Chinese tech company AgiBot's robot completes a 100-kilometer cross-province walk on November 20, 2025, earning official recognition from Guinness World Records and becoming the holder of the title "Longest journey walked by a humanoid robot." Photo: courtesy of AgiBot
Chinese tech company AgiBot's robot on Thursday completed a 100-kilometer cross-province walking challenge, earning official recognition from Guinness World Records.
AgiBot's A2 completed a 100-kilometer cross-province trek from Suzhou's Jinji Lake in East China's Jiangsu Province to Shanghai's Bund. On Thursday, a Guinness World Records adjudicator confirmed its total walking distance of 106.286 kilometers, naming it the holder of the record for the "Longest journey walked by a humanoid robot," according to a statement AgiBot sent to the Global Times.

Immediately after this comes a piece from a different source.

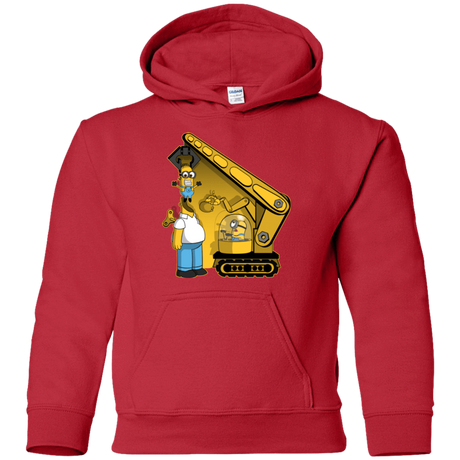 Sweatshirts Red / YS Doh Minion Youth Hoodie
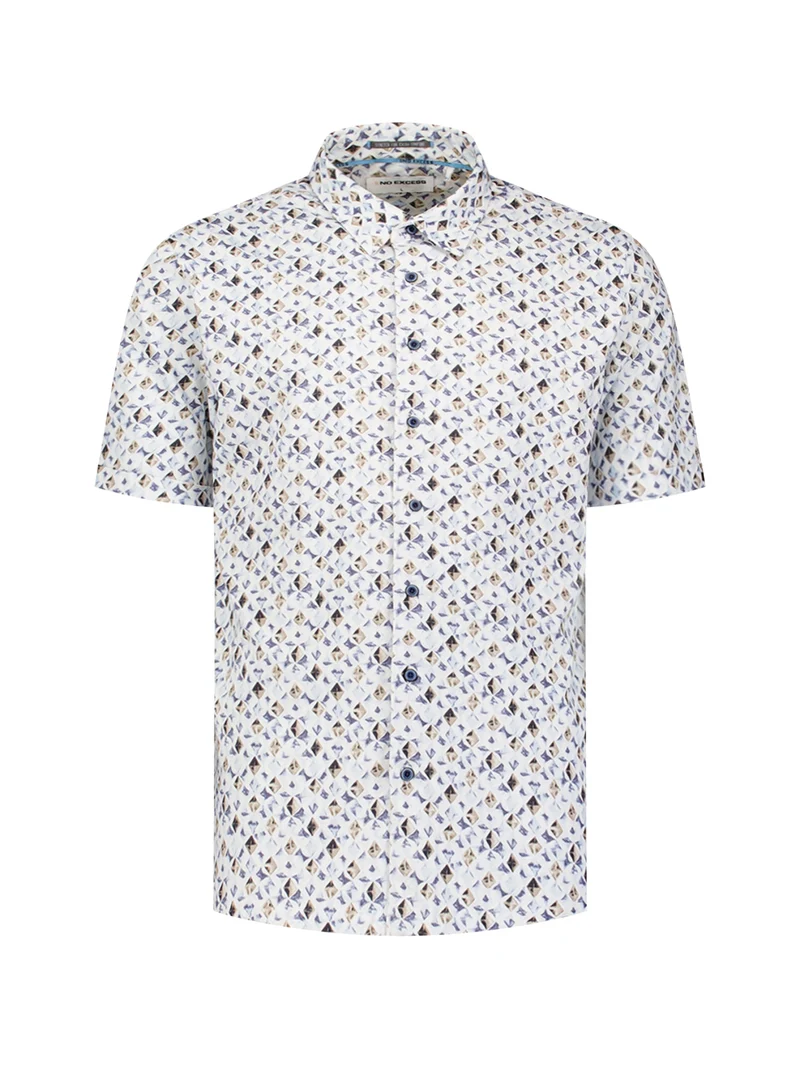 Shirt Short Sleeve Jersey Allover Printed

The A2 was able to complete the entire route without powering off, supported by AgiBot's hot-swappable battery system that allowed it to keep operating continuously during the challenge, per the statement.
During the challenge, the robot passed through city streets, scenic areas, national and provincial highways, encountering a mix of surfaces including asphalt, tiled pavements, bridges, tactile paving and slopes, as well as stretches with limited night lighting. It followed traffic rules throughout the route and ultimately arrived at the Bund in Shanghai, the company said.
Wang Chuang, partner and senior vice president of AgiBot, said that the cross-province walk was meant to illustrate the reliability and stability of humanoid robot technology. "Walking from Suzhou to Shanghai is difficult for many people to do in one go, yet the robot completed it," he noted. The outcome, he added, shows advances in hardware durability, balance control and overall endurance that are important for future commercial deployment.
Despite walking more than 100 kilometers, the A2 robot remained in good condition, with only some wear observed on the rubber layer of its foot soles, per the statement.
Wang said that the A2 robot used in the challenge was a standard, mass-produced commercial unit with no customized modifications and was identical to the robots delivered to clients. For this walk, he noted, the robot was equipped with dual GPS modules along with its built-in lidar and infrared depth cameras, giving it the sensing capability needed for accurate navigation through changing light conditions and complex urban environments.
Upon reaching the North Bund, the A2 robot briefly interacted with reporters, calling the journey a "memorable experience" in its "machine life" and joking that it might now "need a new pair of shoes." Wang said walking is only one basic capability, noting that the robot already supports multilingual interaction, facial recognition and memory, autonomous guiding and delivery tasks. He added that the model surpassed 1,000 units in shipments in 2025, placing it among the global leaders in full-size humanoid deployment.
"The leap from last year's robot marathon to this week's 100-kilometer robot walk shows how rapidly China's robotics sector is advancing," Liu Dingding, a veteran industrial expert told the Global Times on Thursday.
Achieving such progress within just around half a year highlights the speed at which core technologies such as locomotion algorithms and system integration are maturing. This development marks a pivotal moment as humanoid robots move from controlled laboratory environments into demanding real-world scenarios, he said.
Liu noted that this milestone demonstrates significant improvements in robot reliability, endurance, motion control and environmental adaptability, giving strong momentum to the embodied-intelligence industry. As these capabilities continue to evolve, Liu said, the idea that robots could match or even surpass humans in certain physical tasks is no longer distant but an increasingly visible direction of technological progress.